Use this free matrix multiplication calculator to quickly compute the product of two matrices, whether they contain integers, decimals, or complex numbers. This guide also explains the fundamentals, rules, and properties of matrix multiplication.

What Is a Matrix?

A matrix is a rectangular arrangement of numbers organized in rows and columns, enclosed in brackets [ ]. For example:

$$ \begin{bmatrix} 2 & 4 & 6 \\ 1 & 3 & 5 \end{bmatrix} $$

Other examples include:

$$ \begin{bmatrix} 7 & 8 \\ 9 & 10 \end{bmatrix}, \begin{bmatrix} 5 \\ 2 \end{bmatrix}, \begin{bmatrix} 12 \end{bmatrix} $$

General Formula for Matrix Multiplication

Consider two matrices, A and B, where we want to multiply them to get a new matrix C. Each element of the product is calculated as:

$$ A = \begin{bmatrix} a_{11} & \cdots & a_{1n} \\ \vdots & \ddots & \vdots \\ a_{m1} & \cdots & a_{mn} \end{bmatrix}, \quad B = \begin{bmatrix} b_{11} & \cdots & b_{1p} \\ \vdots & \ddots & \vdots \\ b_{n1} & \cdots & b_{np} \end{bmatrix} $$

$$ C = A \cdot B = \begin{bmatrix} \sum_{k=1}^{n} a_{1k}b_{k1} & \cdots & \sum_{k=1}^{n} a_{1k}b_{kp} \\ \vdots & \ddots & \vdots \\ \sum_{k=1}^{n} a_{mk}b_{k1} & \cdots & \sum_{k=1}^{n} a_{mk}b_{kp} \end{bmatrix} $$

How to Find an Element in the Product Matrix

Select a row from the first matrix and a column from the second matrix.
Multiply corresponding elements of the row and column.
Add all the results together to get the element of the product matrix.
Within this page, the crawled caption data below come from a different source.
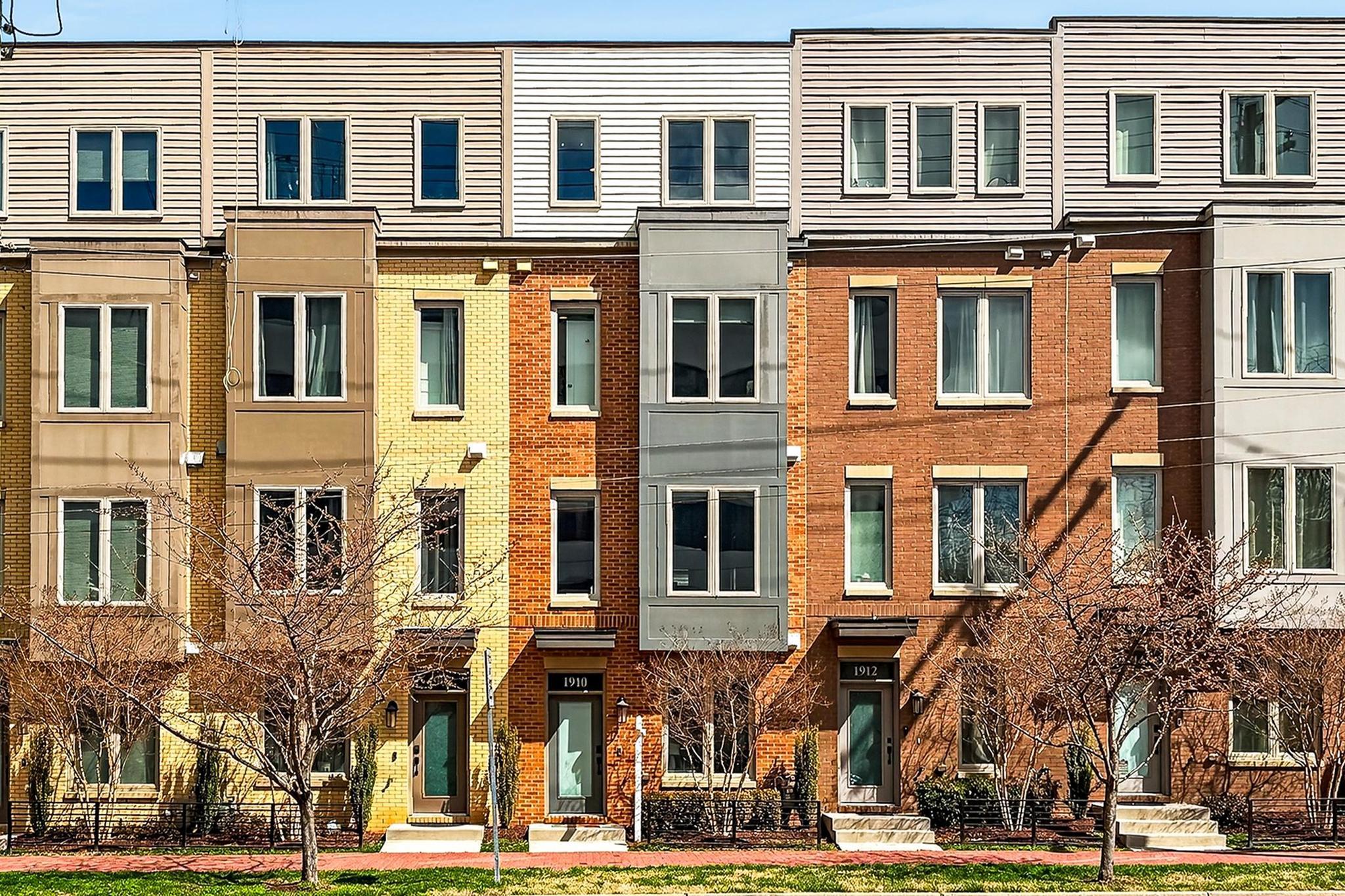 CHAPMAN ROW AT TWINBROOK METRO - Residential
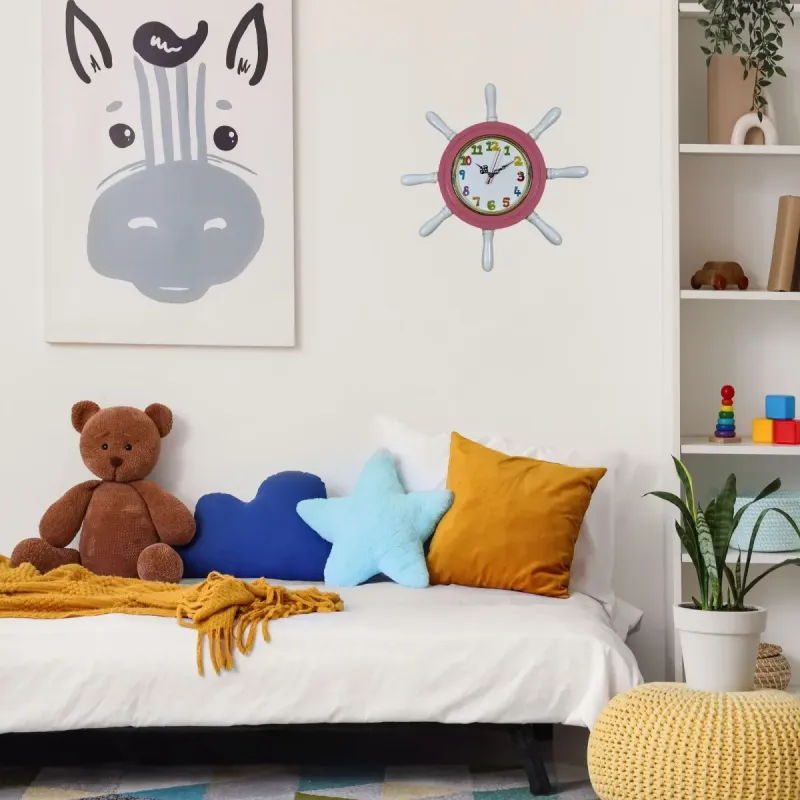 Kavelalı Çocuk Odası Pembe Ahşap Dümen Duvar Saati 37 cm · Model D3794P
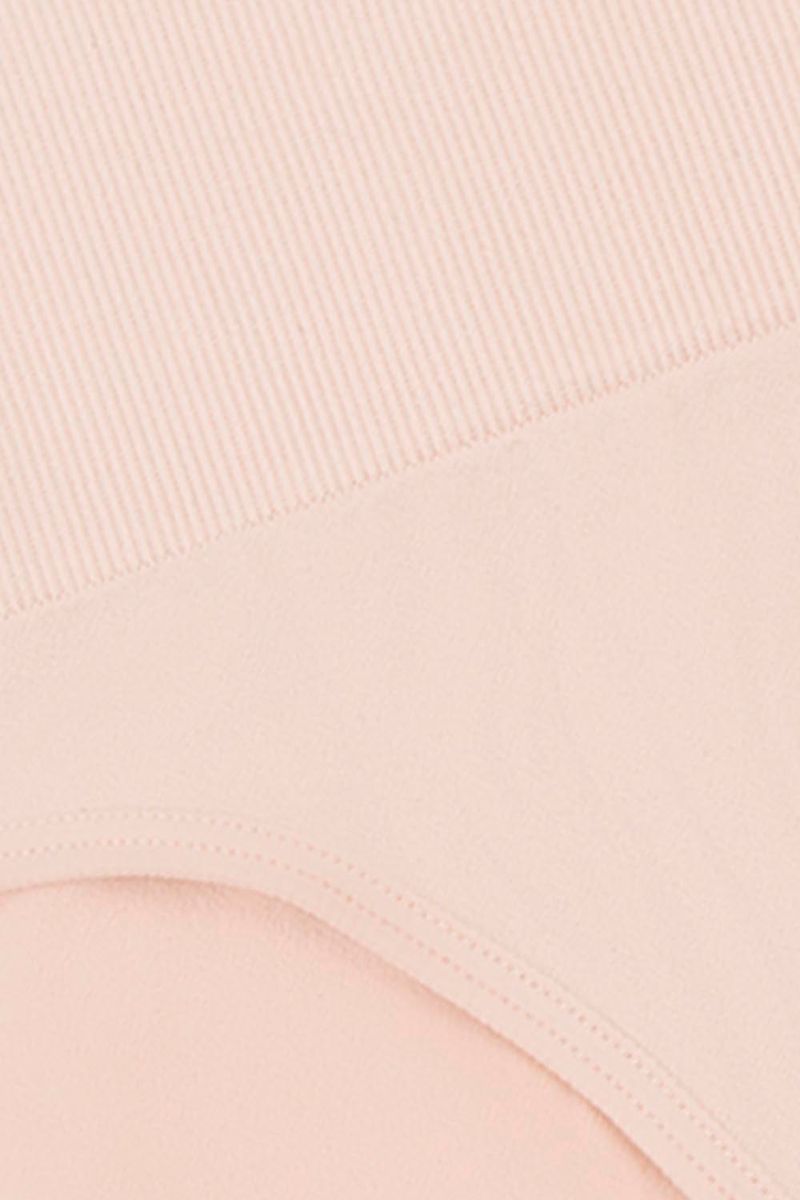PANTY-HIPSTER-DE-CONTROL-SIN-COSTURAS.MA108-003_000004_5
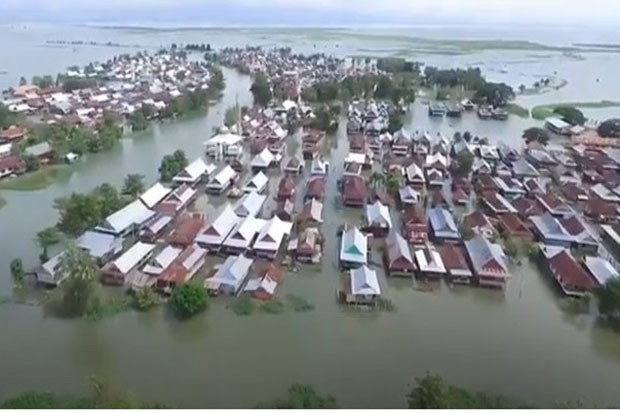 Banjir Wajo Setinggi...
Key Conditions for Matrix Multiplication

The number of columns in the first matrix must match the number of rows in the second matrix.
The resulting matrix will have rows equal to the first matrix and columns equal to the second matrix.
Example: multiplying a matrix of order m × n with another matrix of order n × p produces a matrix of order m × p.

Example:

$$ \begin{bmatrix} 3 & 2 \\ 1 & 4 \end{bmatrix} \cdot \begin{bmatrix} 5 \\ 6 \end{bmatrix} = \begin{bmatrix} 27 \\ 29 \end{bmatrix} $$

Properties of Matrix Multiplication

Commutative: AB ≠ BA
Associative: (AB)C = A(BC)
Distributive: A(B+C) = AB + AC, (A+B)C = AC + BC
Identity: IA = A, AI = A
Zero Matrix: A0 = 0, 0A = 0

Example: Multiplying with the Identity Matrix

Given:

$$ \begin{bmatrix} 7 \\ 3 \end{bmatrix}, \quad I = \begin{bmatrix} 1 & 0 \end{bmatrix} $$

Multiplication:

$$ \begin{bmatrix} 7 \\ 3 \end{bmatrix} \cdot \begin{bmatrix} 1 & 0 \end{bmatrix} = \begin{bmatrix} 7 & 0 \\ 3 & 0 \end{bmatrix} $$

How the Matrix Multiplication Calculator Works

Specify the number of rows and columns for the first matrix.
Specify the number of rows and columns for the second matrix (rows must match columns of the first matrix).
Click “Set Matrices” to generate input fields.
Enter values for all matrix elements.
Click “Calculate” to get the product matrix along with step-by-step results.

FAQs

How do I multiply 2×2 matrices quickly?

Simply enter the matrices into our free online calculator for instant results.

Can I multiply a 2×3 matrix with a 4×3 matrix?

No. The number of columns in the first matrix must equal the number of rows in the second matrix.

What is the size of the resulting matrix?

The product matrix has rows equal to the first matrix and columns equal to the second matrix.

What is scalar multiplication of a matrix?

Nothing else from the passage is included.